Joussaume S., Climat d’hier à demain, Paris, CNRS Éditions, 1999, p. 37.

l y a environ 20 000 ans, la dernière glaciation du Quaternaire atteignait son paroxysme. Les calottes glaciaires de la Laurentide et de la Fennoscandie recouvraient le nord de l’Amérique et la Scandinavie, entraînant une forte baisse du niveau des mers (-130 mètres)

Schéma des paramètres de l’orbite terrestre

Rahmstorf S. et H.J. Schellnhuber, 2006 : Der Klimawandel. Beck Verlag, Munich, 144 p.

Ce schéma représente les changements de l’orbite terrestre (cycles de Milankovitch) qui pilotent les cycles des âges glaciaires. L’aplatissement de l’orbite de la Terre est volontairement exagéré. « T » indique les changements de l’inclinaison (ou obliquité) de l’axe de la Terre, « E » les changements de l’excentricité de l’orbite (due aux variations du petit axe de l’ellipse) et « P » indique les changements de précession, c’est-à-dire les changements de la direction de l’axe d’inclinaison à un point donné de l’orbite.
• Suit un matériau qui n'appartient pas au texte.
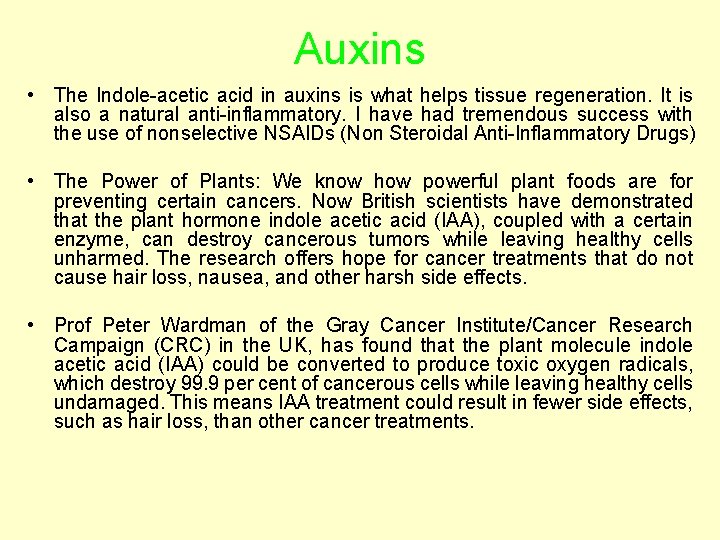 Auxins • The Indole-acetic acid in auxins is what helps tissue regeneration. It is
 Les données paléoclimatiques révèlent l’importance des rétroactions

La combinaison d’enregistrements paléoclimatiques, à différentes latitudes et en régions continentales et marines, a montré que, lors du démarrage ou de la fin des glaciations, de nombreuses rétroactions du système climatique amplifient l’effet initial des paramètres orbitaux de la Terre pour provoquer des changements climatiques majeurs en quelques milliers d’années. Ainsi, une diminution de l’ensoleillement d’été, suivie d’un refroidissement estival polaire, entraîne-t-elle une extension des zones couvertes de neige et de banquise, ce qui amplifie ce refroidissement. Ce phénomène s’accompagne d’un assèchement sur les continents et d’une baisse de la production de méthane dans les zones humides, d’où une diminution de l’effet de serre. Les changements de température et de circulation océanique permettent alors de stocker davantage de dioxyde de carbone dans les eaux profondes océaniques et entraînent une diminution de la teneur en gaz à effet de serre dans l’atmosphère, ce qui amplifie encore le refroidissement.
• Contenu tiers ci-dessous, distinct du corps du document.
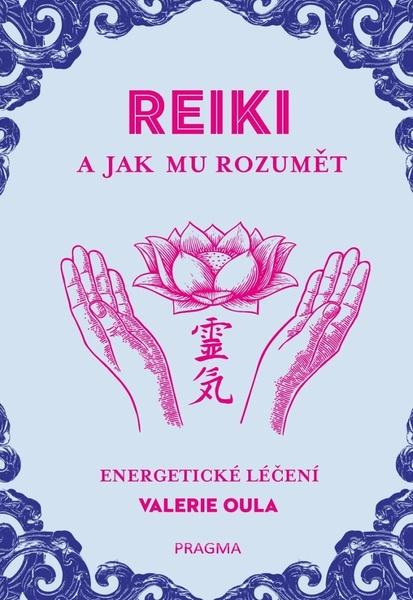 Reiki a jak mu rozumět - 978-80-242-7299-3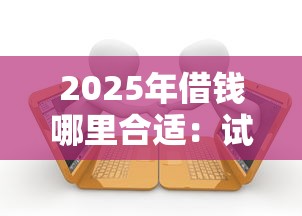 2025年借钱哪里合适：试试这五个有逾期借款容易通过的平台
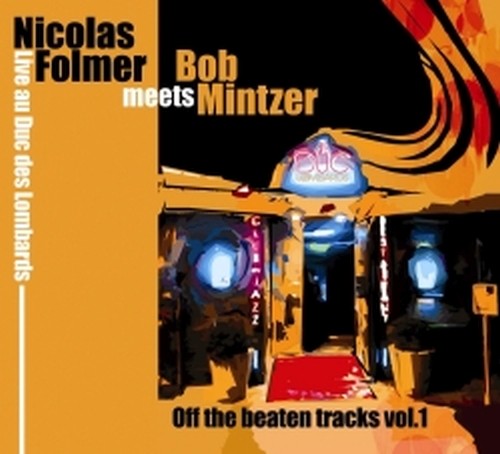 Nicolas Folmer meets Bob Mintzer - Live au Duc des Lombards  FOLMER NICOLAS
La modélisation des climats passés est essentielle pour tester la capacité des modèles à représenter les grands changements climatiques et les rétroactions associées. Elle permet également de mieux comprendre les mécanismes de ces changements passés. En réponse à la présence de calottes de glace et de teneurs plus basses en gaz à effet de serre, déduites des observations, les modèles de climat parviennent à représenter correctement l’amplitude des variations de température glaciaires-interglaciaires (de l’ordre de 5 °C en moyenne globale) et la structure de ces changements, plus prononcés dans les régions polaires que près de l’équateur. Des comparaisons plus fines avec de grandes bases de données du climat glaciaire sont en cours3.

Des projets ont également été lancés pour mieux comprendre les différences entre les périodes interglaciaires (chaudes) passées. Il y a environ 130 000 à 115 000 ans, la dernière période interglaciaire s’est caractérisée par un ensoleillement d’été très fort dans l’hémisphère nord et par des températures plus élevées dans l’Arctique et en Antarctique que pendant la période pré-industrielle (avant 1860), avec localement des amplitudes de 2 °C à 5 °C. Cette période a également été marquée par un niveau moyen des mers plus élevé de plusieurs mètres par rapport au niveau actuel, ce qui témoigne qu’un réchauffement de quelques degrés autour des calottes du Groenland et de l’Antarctique peut entraîner une déglaciation significative en quelques millénaires. Le projet européen PAST4FUTURE va confronter simulations climatiques et reconstructions de la variabilité du climat pendant ces périodes interglaciaires.

L’étude des successions glaciaires-interglaciaires passées permet de caractériser l’ampleur, la vitesse et les mécanismes des changements climatiques passés. Elle repose à la fois sur l’obtention de données quantitatives, datées, et sur leur confrontation aux résultats théoriques, issus de la modélisation du climat. Ces résultats permettent également de placer les changements actuels dans la perspective des changements passés et de tester le réalisme des modèles de climat, seuls outils disponibles pour explorer les risques futurs.